Photo Section vs Integrated Photos
Some memoirs put all photos in a middle section on glossy paper. Others integrate them throughout. If you’re doing a photo section, create it as its own section with different page settings – maybe no page numbers, different margins, whatever.
Use section breaks before and after this insert section. Then you can format it however without messing up your text flow.
Headers Footers and Running Elements
I kinda mentioned this earlier but let me be more specific because I got sidetracked.
Standard memoir format puts page numbers in the footer, centered or on the outside edge (left on left pages, right on right pages). To get outside page numbers, use different odd/even pages like I said, then insert page number on the left for even pages, right for odd pages.
Headers typically show book metadata – author name on verso (left), book title or chapter title on recto (right). Use the same Different Odd & Even Pages setup.
Font size for headers/footers is usually 2pts smaller than body text. So if body is 11pt, headers are 9pt.
Saving and Exporting Your Template
Once you’ve got everything set up – margins, fonts, styles, headers, the works – save this as a template file. Go to File > Save As, choose location, but in the “Save as type” dropdown select “Word Template (*.dotx)”.
Name it something like “Memoir_Template_6x9” if it’s formatted for 6×9 trim size. Store it somewhere you’ll remember.
Next time you start a memoir project, just open this template and you’ve got all your formatting ready to go. Just gotta add content.
Oh and make templates for different trim sizes. 6×9 is standard for memoir but some people want 5.5×8.5 or 5×8. The margins and overall feel change with trim size.
Converting to PDF for Print
When you’re done writing and ready to upload to KDP or wherever, export as PDF. File > Save As > PDF. But click Options first and make sure “ISO 19005-1 compliant (PDF/A)” is NOT checked – that setting can cause issues with print files.
Also in Options, choose “Optimize for: Standard” not “Minimum size”. You want quality here.
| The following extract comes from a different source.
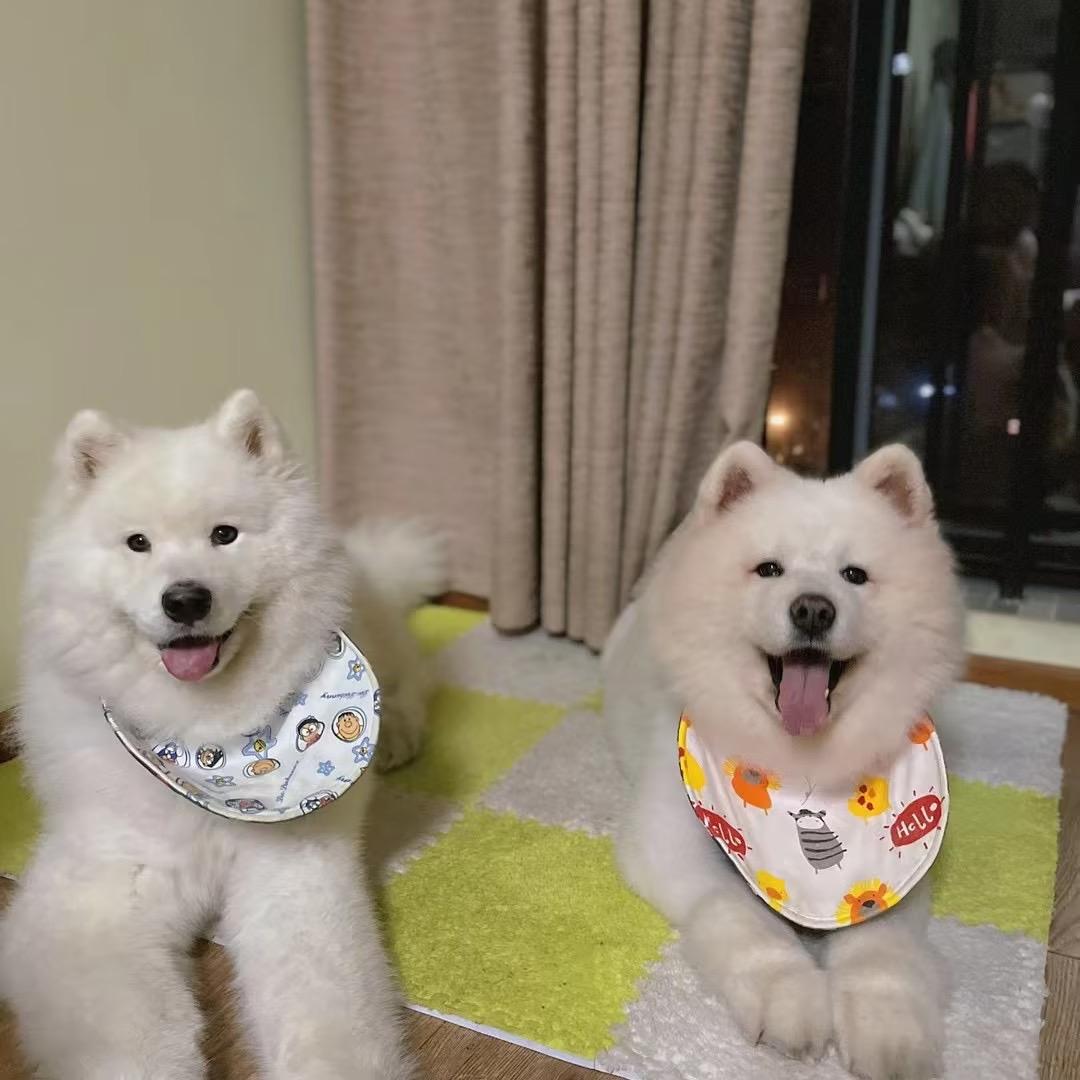 婕西And米奇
Before you export, do a final proofread in Print Preview mode (File > Print, but don’t actually print). This shows you exactly how pages will look including where chapter breaks fall, whether you have weird widows/orphans despite your settings, etc.
Look I’m not gonna lie, Word isn’t the absolute best tool for book formatting. InDesign is better. Vellum is easier. But Word is what most people already have and know, and honestly for memoir it works fine if you set it up right. I’ve formatted probably 50+ memoirs in Word and they look professional enough that readers can’t tell the difference between my Word-formatted books and InDesign ones.
Just gotta know these specific settings and actually use styles instead of manual formatting everything. That’s the key really – styles, section breaks, and understanding how headers/footers work across sections. Master those three things and you’re like 80% of the way there.